How to Recognize a War Movie: The Contemporary Science Fiction Blockbuster as Military Recruitment Film

My essay examines how the military has increasingly turned to the tropes of science fiction in order to create compelling narratives about military service that might be used for recruitment purposes.  Finding the messages of contemporary war films set in Iraq or Afghanistan to be either outwardly hostile to the military or at least morally ambiguous, the Department of Defense has turned to science fiction blockbusters to promote the traditional values of military service, such as honor, sacrifice, patriotism, duty, and brotherhood.  
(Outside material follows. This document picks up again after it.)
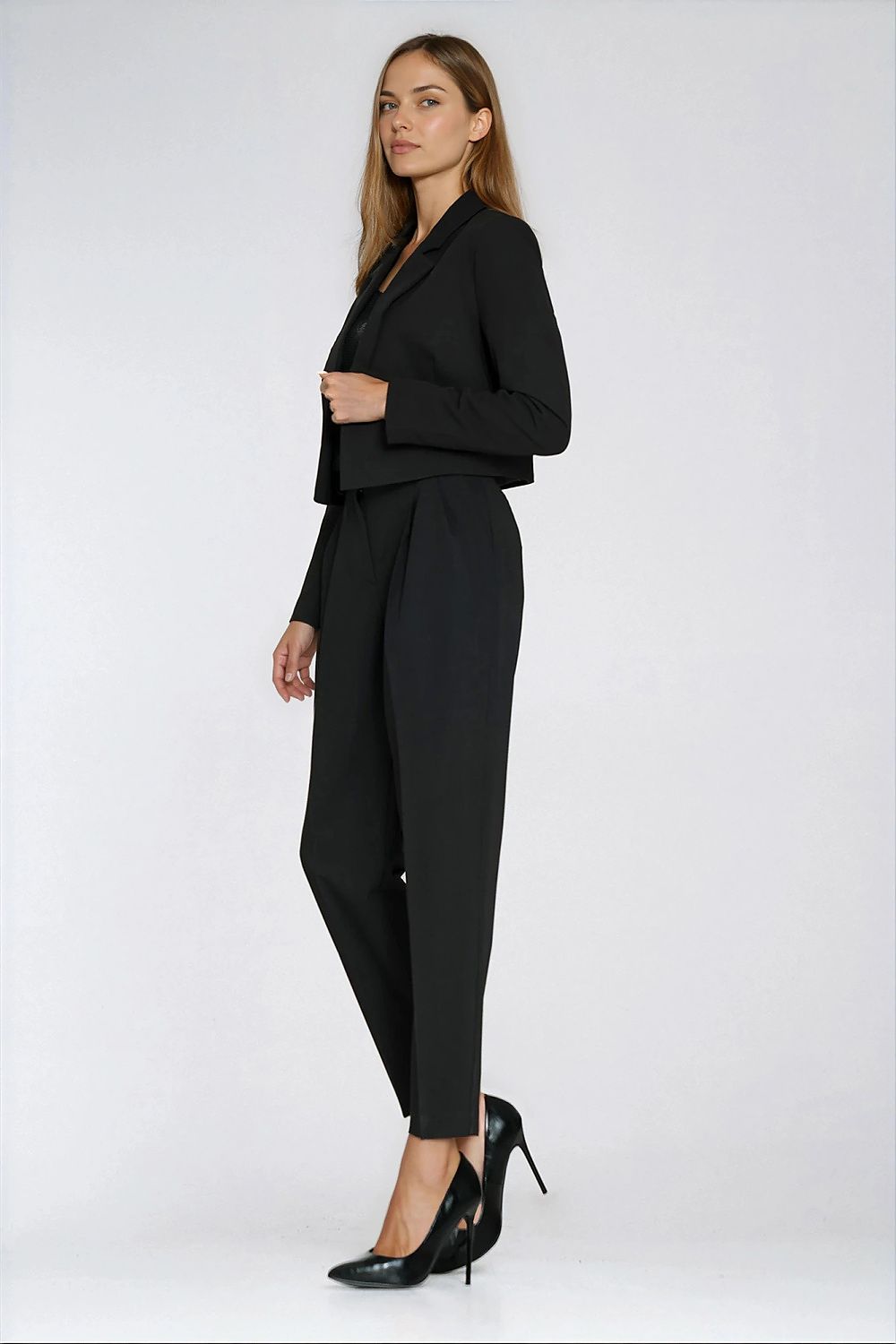 Blazer femme model 223279 Nife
A major focus of the essay is Battle: Los Angeles (Jonathan Liebesman, 2011), a self-conscious science-fiction reworking of Sands of Iwo Jima (Allen Dwan, 1949), itself an overt U.S. Marine Corps recruitment film featuring much-emulated John Wayne battle heroics. Because the film replaces real-world combatants with faceless and all-out evil aliens whose annihilation of the human race needs no motivation, it is able to activate the “Good War” tropes of traditional World War II combat films that current war films have eschewed. I also discuss the use of science fiction tropes in military recruitment commercials, such as the series of “It’s Not Science Fiction” ads for the Air Force and the Army Strong commercial tied in with X-Men: First Class.  Along with the films, these commercials associate military service with the spectacle and wonder of science fiction iconography, giving it the sense of the fantastic and miraculous that speculative technologies evoke.  Ultimately, I argue that the military’s investment in the narratives and imagery of science fiction results not just in genre hybridity, but in a reconceptualization of the war genre. 

How to Recognize a War Movie: The Contemporary Science Fiction Blockbuster as Military Recruitment Film,” A Companion to the War Film, edited by Douglas A. Cunningham and John Nelson (Wiley Blackwell, 2016), 253–270.